Caption-style text data:
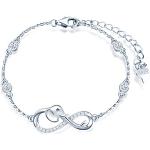 Bracelets coeur pour la fête des mères argentés en argent à motif éléphants classiques pour femme 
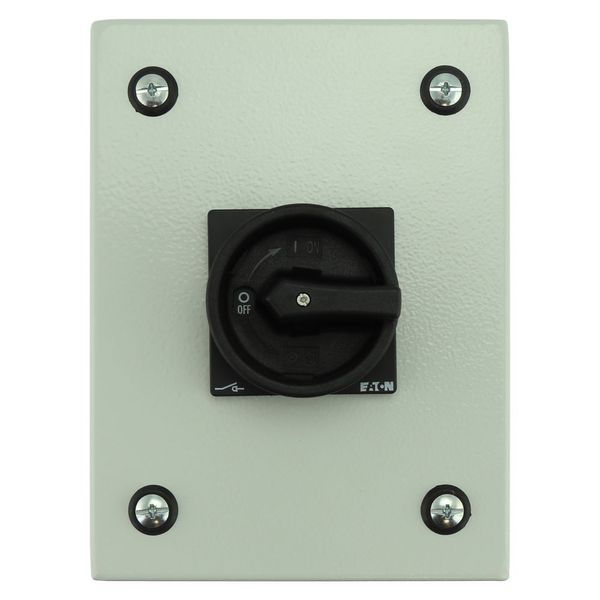 Main switch, P1, 40 A, surface mounting, 3 pole + N, STOP function, With black rotary handle and locking ring, Lockable in the 0 (Off) position, in st image 11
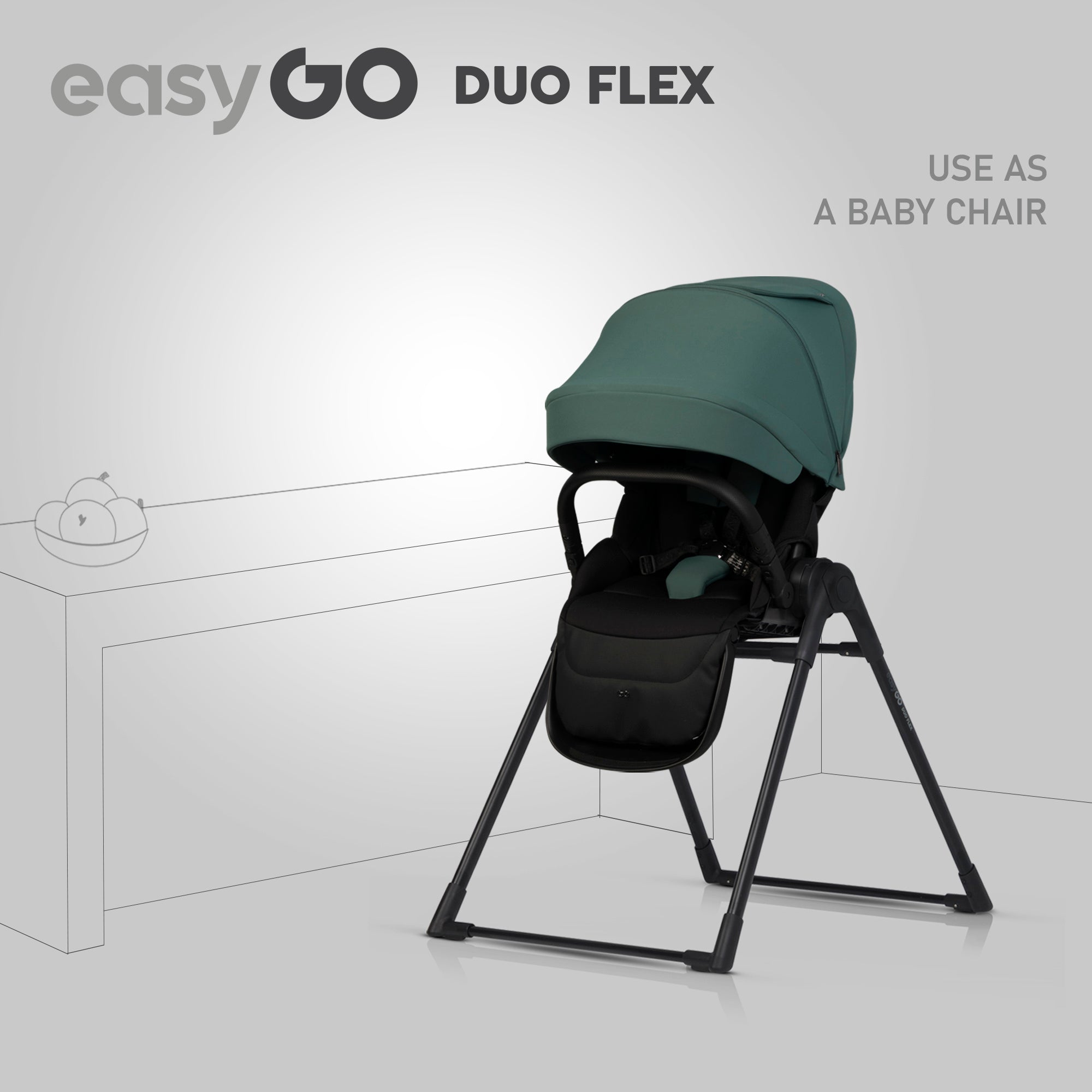 EasyGo Duoflex iker és testvér babakocsi 2 üléssel és 1 mózeskosárral – Sage Green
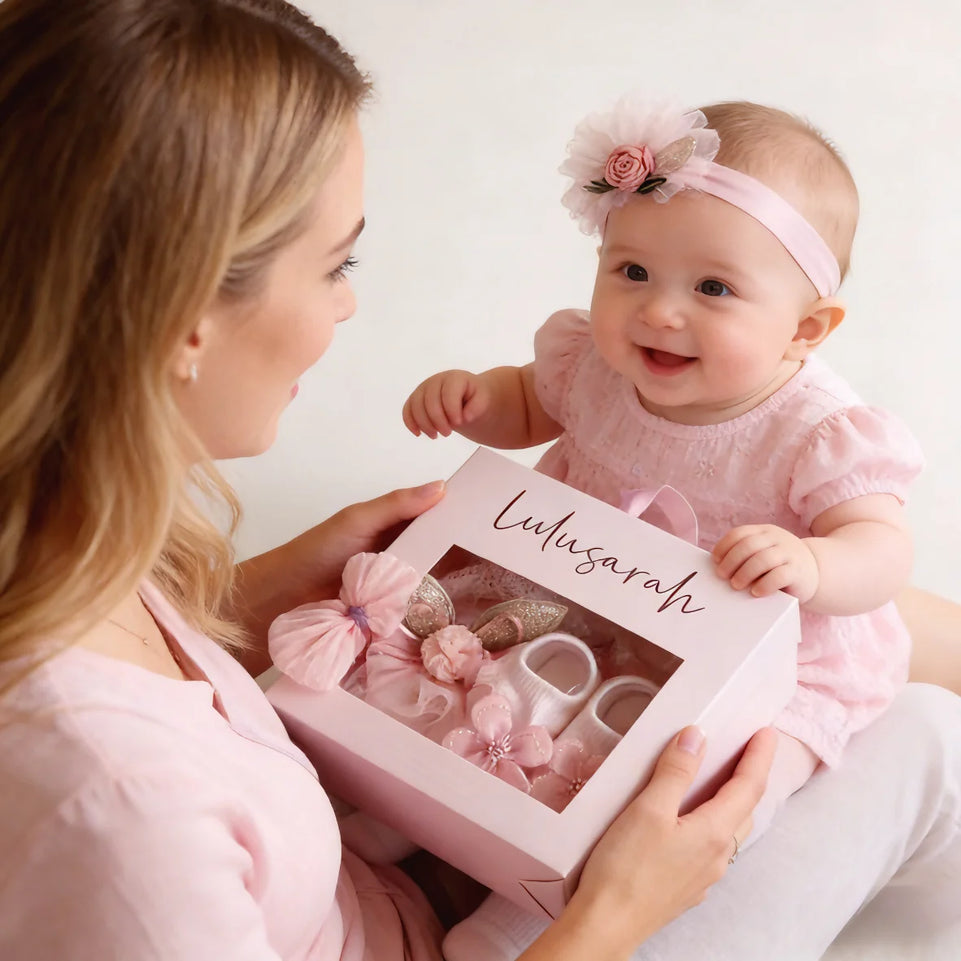 3 Pcs Baby Girl Accessories Set: 1 Socks, 2 Bow Headbands with Gift Box, Holiday Party Gift Box, Ideal Newborn Remembrance Gift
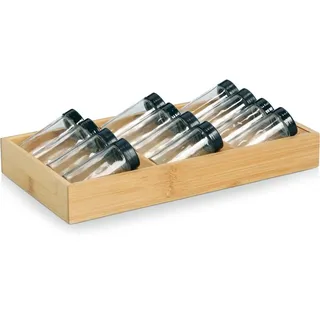 Zeller Gewürzeinsatz-Set, 13-tlg., Bambus/Glas, holzfarben, transparent, schwarz, B:20cm H:9cm, Gewürzstreuer, Gewürzstreuer, übersichtliche Anordnung, praktisch und modern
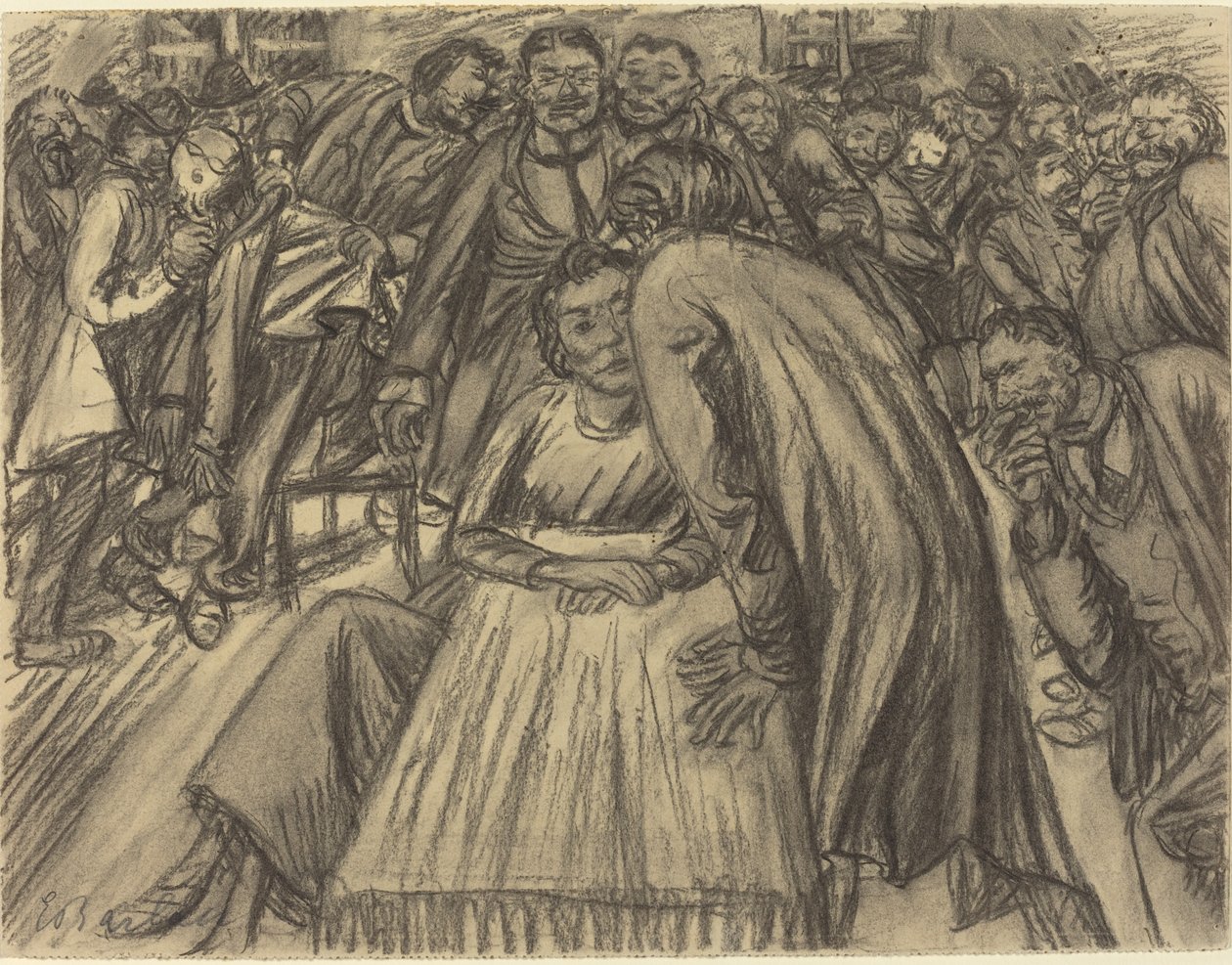 La Pareja en la Multitud de Ernst Barlach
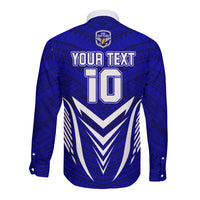 Custom Kimbe Cutters Rugby Long Sleeve Button Shirt Papua New Guinea Polynesian Tattoo Blue Version LT03 - Polynesian Pride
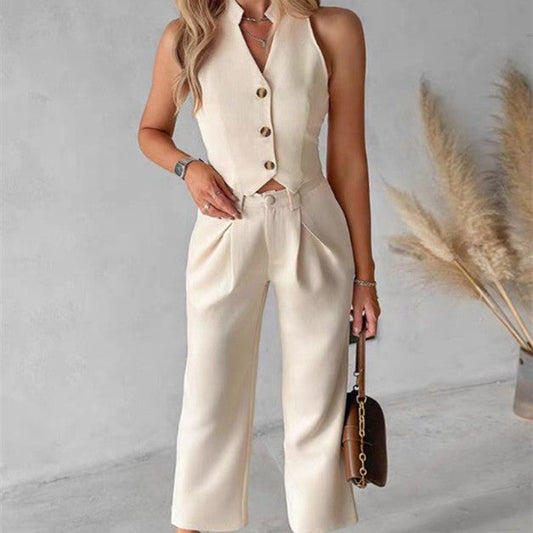 Women's Vest Top Wide Leg Pants Casual Suit -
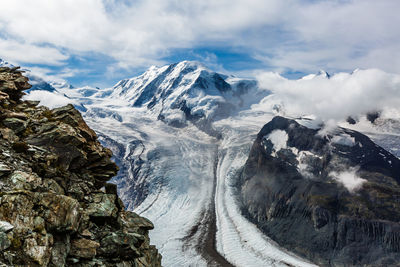 Scenic view of snowcapped mountains against sky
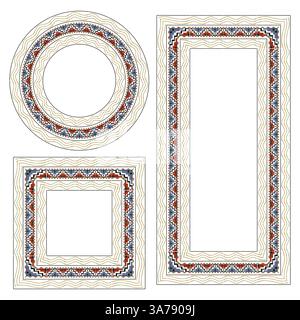 Cadres décoratifs tribaux. Répétitions géométriques complexes. Bords multicolores traditionnels. Style d'ornement vectoriel. Illustration de Vecteur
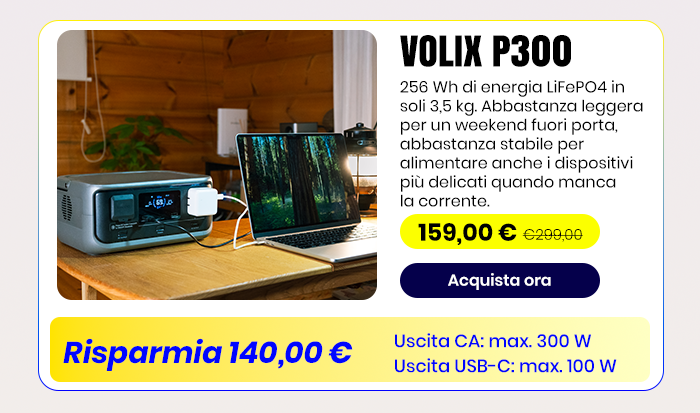 VOLIX P300 Centrale Elettrica Portatile 300W 256Wh LiFeP04 Batteria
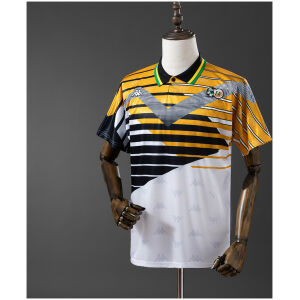 Mens South Africa World Cup Retro Home Jersey 1994 Mens South Africa World Cup Retro Home Jersey 1994 on mannequin showing gold stripes and chest chevron
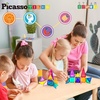 image:imagePicassoTiles 71pc Mini Diamond Series Winter Ice Theme Magnetic Tile Building Blocks 2 Character Action Figures Travel Size OntheGo Magnet Construction Toy Set STEM Development Kit Ages 3 PTM7113pcs Mini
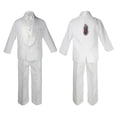 thumbnail image 3 of New Born Baby Boy Teen Christening Communion Formal White Paisley Suit Silver or Gold Guadalupe Virgin Mary Maria On Back SM-20, 3 of 4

» **What this task involves**: Nothing but the lines above from the line with "3 Pcs Baby Girl" up to and including the line with "image:imagePicassoTiles 71pc Mini" should be returned, exactly as written and without pictures.

» **Expected answer**:
 3 Pcs Baby Girl Accessories Set: 1 Socks, 2 Bow Headbands with Gift Box, Holiday Party Gift Box, Ideal Newborn Remembrance Gift
 Zeller Gewürzeinsatz-Set, 13-tlg., Bambus/Glas, holzfarben, transparent, schwarz, B:20cm H:9cm, Gewürzstreuer, Gewürzstreuer, übersichtliche Anordnung, praktisch und modern
 La Pareja en la Multitud de Ernst Barlach
 Custom Kimbe Cutters Rugby Long Sleeve Button Shirt Papua New Guinea Polynesian Tattoo Blue Version LT03 - Polynesian Pride
 Women's Vest Top Wide Leg Pants Casual Suit -
 Scenic view of snowcapped mountains against sky
 Cadres décoratifs tribaux. Répétitions géométriques complexes. Bords multicolores traditionnels. Style d'ornement vectoriel. Illustration de Vecteur
 VOLIX P300 Centrale Elettrica Portatile 300W 256Wh LiFeP04 Batteria
 Mens South Africa World Cup Retro Home Jersey 1994 Mens South Africa World Cup Retro Home Jersey 1994 on mannequin showing gold stripes and chest chevron
 image:imagePicassoTiles 71pc Mini Diamond Series Winter Ice Theme Magnetic Tile Building Blocks 2 Character Action Figures Travel Size OntheGo Magnet Construction Toy Set STEM Development Kit Ages 3 PTM7113pcs Mini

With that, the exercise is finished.